== Segment start ==
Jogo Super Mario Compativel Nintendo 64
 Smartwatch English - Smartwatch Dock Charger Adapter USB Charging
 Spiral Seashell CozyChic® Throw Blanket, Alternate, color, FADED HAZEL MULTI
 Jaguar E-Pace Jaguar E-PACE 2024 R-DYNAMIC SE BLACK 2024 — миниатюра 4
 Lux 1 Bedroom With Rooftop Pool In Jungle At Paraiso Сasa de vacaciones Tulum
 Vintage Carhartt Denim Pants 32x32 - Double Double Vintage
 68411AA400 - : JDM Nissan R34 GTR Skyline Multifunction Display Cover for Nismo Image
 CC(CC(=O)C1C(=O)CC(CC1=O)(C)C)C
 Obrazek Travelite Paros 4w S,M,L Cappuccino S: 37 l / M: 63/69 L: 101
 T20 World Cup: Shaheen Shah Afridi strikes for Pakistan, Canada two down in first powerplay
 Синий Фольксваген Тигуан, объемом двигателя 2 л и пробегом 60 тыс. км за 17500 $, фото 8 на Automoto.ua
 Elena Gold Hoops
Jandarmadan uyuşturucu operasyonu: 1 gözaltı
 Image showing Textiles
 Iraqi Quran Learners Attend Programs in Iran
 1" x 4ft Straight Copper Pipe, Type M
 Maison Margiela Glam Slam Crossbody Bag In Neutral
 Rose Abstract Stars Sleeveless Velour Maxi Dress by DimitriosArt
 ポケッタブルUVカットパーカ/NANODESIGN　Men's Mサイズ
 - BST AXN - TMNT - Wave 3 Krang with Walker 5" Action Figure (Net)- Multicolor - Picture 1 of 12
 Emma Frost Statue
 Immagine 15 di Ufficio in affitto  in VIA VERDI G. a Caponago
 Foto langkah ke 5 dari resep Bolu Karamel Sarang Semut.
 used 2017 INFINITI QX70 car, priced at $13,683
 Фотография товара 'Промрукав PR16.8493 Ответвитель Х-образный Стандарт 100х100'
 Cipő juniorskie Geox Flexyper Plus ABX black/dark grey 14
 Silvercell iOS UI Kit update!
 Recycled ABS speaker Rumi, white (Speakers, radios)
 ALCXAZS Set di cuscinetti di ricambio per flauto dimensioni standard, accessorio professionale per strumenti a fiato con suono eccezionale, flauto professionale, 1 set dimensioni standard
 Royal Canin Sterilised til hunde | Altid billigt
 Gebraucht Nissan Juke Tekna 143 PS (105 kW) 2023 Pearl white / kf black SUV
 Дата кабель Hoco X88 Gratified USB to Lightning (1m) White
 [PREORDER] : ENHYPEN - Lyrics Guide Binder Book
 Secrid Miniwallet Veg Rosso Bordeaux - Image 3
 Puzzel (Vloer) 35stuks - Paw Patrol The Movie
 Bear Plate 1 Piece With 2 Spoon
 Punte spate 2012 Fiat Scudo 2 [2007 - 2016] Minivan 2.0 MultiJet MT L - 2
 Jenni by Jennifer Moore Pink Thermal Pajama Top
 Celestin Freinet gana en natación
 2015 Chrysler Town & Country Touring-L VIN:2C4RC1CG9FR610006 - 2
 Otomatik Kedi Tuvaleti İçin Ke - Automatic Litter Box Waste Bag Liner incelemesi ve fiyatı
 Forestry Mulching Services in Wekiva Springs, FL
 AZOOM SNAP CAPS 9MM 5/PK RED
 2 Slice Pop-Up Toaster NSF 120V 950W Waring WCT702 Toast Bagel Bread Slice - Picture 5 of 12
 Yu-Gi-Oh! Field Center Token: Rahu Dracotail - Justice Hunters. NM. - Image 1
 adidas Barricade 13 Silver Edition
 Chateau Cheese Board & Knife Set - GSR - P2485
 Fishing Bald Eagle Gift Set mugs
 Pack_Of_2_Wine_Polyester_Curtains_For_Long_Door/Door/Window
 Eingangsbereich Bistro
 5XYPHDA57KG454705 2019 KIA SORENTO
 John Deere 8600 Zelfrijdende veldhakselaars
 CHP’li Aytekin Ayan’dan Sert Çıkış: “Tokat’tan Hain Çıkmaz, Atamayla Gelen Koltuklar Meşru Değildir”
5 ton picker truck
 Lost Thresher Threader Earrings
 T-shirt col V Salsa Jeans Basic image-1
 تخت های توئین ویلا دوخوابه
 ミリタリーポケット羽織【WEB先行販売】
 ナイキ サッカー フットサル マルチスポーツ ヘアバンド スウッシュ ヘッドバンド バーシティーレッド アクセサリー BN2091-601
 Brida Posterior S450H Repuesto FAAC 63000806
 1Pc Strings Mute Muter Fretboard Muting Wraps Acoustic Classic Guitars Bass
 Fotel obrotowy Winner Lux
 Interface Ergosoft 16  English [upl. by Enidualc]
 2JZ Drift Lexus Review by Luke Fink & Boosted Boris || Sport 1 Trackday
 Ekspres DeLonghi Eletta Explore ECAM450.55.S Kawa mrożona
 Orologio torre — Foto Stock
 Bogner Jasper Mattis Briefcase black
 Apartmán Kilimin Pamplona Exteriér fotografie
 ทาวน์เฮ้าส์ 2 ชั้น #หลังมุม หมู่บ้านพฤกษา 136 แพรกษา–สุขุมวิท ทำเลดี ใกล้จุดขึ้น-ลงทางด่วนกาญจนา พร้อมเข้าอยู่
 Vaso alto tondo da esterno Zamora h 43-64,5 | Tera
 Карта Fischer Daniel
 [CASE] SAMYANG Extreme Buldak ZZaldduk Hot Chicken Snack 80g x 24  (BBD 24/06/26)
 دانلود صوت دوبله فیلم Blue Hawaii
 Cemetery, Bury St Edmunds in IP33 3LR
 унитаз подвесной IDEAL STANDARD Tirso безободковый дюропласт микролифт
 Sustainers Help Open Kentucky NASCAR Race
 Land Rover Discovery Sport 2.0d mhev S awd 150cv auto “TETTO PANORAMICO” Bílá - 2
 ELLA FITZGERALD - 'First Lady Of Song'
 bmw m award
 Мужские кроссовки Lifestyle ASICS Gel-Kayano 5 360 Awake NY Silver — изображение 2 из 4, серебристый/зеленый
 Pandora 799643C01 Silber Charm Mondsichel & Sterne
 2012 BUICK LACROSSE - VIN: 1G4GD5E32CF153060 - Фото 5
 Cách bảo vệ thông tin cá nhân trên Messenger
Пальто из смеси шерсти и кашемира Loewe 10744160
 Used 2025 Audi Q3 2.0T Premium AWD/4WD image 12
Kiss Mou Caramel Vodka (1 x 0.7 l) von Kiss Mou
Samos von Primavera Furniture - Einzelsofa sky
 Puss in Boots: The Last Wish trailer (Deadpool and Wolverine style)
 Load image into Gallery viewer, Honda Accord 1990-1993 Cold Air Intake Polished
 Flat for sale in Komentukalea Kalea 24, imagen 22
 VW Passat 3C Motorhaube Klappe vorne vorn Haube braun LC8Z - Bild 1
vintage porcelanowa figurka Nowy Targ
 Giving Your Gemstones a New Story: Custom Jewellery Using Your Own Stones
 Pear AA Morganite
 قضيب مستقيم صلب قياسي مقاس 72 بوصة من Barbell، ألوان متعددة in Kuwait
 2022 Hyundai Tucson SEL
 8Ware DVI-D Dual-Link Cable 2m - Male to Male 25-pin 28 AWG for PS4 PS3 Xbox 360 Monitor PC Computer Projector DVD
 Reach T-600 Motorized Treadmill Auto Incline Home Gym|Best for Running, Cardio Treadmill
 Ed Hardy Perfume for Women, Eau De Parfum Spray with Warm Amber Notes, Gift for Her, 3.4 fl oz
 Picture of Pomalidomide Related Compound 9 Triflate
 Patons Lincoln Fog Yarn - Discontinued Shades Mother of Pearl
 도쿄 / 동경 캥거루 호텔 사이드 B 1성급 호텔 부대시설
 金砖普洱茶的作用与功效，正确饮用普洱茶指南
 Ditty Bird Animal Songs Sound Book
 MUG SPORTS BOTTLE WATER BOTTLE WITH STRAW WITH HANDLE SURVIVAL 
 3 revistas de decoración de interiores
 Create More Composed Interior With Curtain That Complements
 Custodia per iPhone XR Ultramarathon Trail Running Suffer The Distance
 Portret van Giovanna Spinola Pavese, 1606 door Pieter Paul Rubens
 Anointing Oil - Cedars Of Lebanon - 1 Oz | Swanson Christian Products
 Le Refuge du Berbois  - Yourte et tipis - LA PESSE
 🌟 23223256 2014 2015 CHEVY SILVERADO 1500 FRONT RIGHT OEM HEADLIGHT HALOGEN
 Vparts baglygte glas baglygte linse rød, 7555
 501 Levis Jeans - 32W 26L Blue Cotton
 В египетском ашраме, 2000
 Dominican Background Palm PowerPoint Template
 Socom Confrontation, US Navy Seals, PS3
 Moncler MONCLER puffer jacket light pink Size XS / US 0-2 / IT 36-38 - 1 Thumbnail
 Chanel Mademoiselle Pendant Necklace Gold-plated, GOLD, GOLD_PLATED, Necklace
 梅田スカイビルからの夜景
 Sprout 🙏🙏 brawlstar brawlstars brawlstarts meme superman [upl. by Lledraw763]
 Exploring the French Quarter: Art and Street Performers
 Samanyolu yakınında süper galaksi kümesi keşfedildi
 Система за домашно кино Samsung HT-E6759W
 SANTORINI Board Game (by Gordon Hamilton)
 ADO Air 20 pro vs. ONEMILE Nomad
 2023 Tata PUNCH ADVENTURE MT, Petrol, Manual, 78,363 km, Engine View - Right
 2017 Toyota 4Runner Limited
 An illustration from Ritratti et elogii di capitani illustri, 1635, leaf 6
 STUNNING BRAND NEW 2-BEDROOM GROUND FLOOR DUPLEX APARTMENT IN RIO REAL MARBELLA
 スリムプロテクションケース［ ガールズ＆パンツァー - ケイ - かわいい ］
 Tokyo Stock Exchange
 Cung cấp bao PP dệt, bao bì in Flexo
== Segment end ==
» Work task: When you reach the line holding "Bear Plate 1 Piece With 2 Spoon" in the records above, begin reproducing exactly, stop after the line holding "Apartmán Kilimin Pamplona", and output nothing else.

» Solution:
 Bear Plate 1 Piece With 2 Spoon
 Punte spate 2012 Fiat Scudo 2 [2007 - 2016] Minivan 2.0 MultiJet MT L - 2
 Jenni by Jennifer Moore Pink Thermal Pajama Top
 Celestin Freinet gana en natación
 2015 Chrysler Town & Country Touring-L VIN:2C4RC1CG9FR610006 - 2
 Otomatik Kedi Tuvaleti İçin Ke - Automatic Litter Box Waste Bag Liner incelemesi ve fiyatı
 Forestry Mulching Services in Wekiva Springs, FL
 AZOOM SNAP CAPS 9MM 5/PK RED
 2 Slice Pop-Up Toaster NSF 120V 950W Waring WCT702 Toast Bagel Bread Slice - Picture 5 of 12
 Yu-Gi-Oh! Field Center Token: Rahu Dracotail - Justice Hunters. NM. - Image 1
 adidas Barricade 13 Silver Edition
 Chateau Cheese Board & Knife Set - GSR - P2485
 Fishing Bald Eagle Gift Set mugs
 Pack_Of_2_Wine_Polyester_Curtains_For_Long_Door/Door/Window
 Eingangsbereich Bistro
 5XYPHDA57KG454705 2019 KIA SORENTO
 John Deere 8600 Zelfrijdende veldhakselaars
 CHP’li Aytekin Ayan’dan Sert Çıkış: “Tokat’tan Hain Çıkmaz, Atamayla Gelen Koltuklar Meşru Değildir”
5 ton picker truck
 Lost Thresher Threader Earrings
 T-shirt col V Salsa Jeans Basic image-1
 تخت های توئین ویلا دوخوابه
 ミリタリーポケット羽織【WEB先行販売】
 ナイキ サッカー フットサル マルチスポーツ ヘアバンド スウッシュ ヘッドバンド バーシティーレッド アクセサリー BN2091-601
 Brida Posterior S450H Repuesto FAAC 63000806
 1Pc Strings Mute Muter Fretboard Muting Wraps Acoustic Classic Guitars Bass
 Fotel obrotowy Winner Lux
 Interface Ergosoft 16  English [upl. by Enidualc]
 2JZ Drift Lexus Review by Luke Fink & Boosted Boris || Sport 1 Trackday
 Ekspres DeLonghi Eletta Explore ECAM450.55.S Kawa mrożona
 Orologio torre — Foto Stock
 Bogner Jasper Mattis Briefcase black
 Apartmán Kilimin Pamplona Exteriér fotografie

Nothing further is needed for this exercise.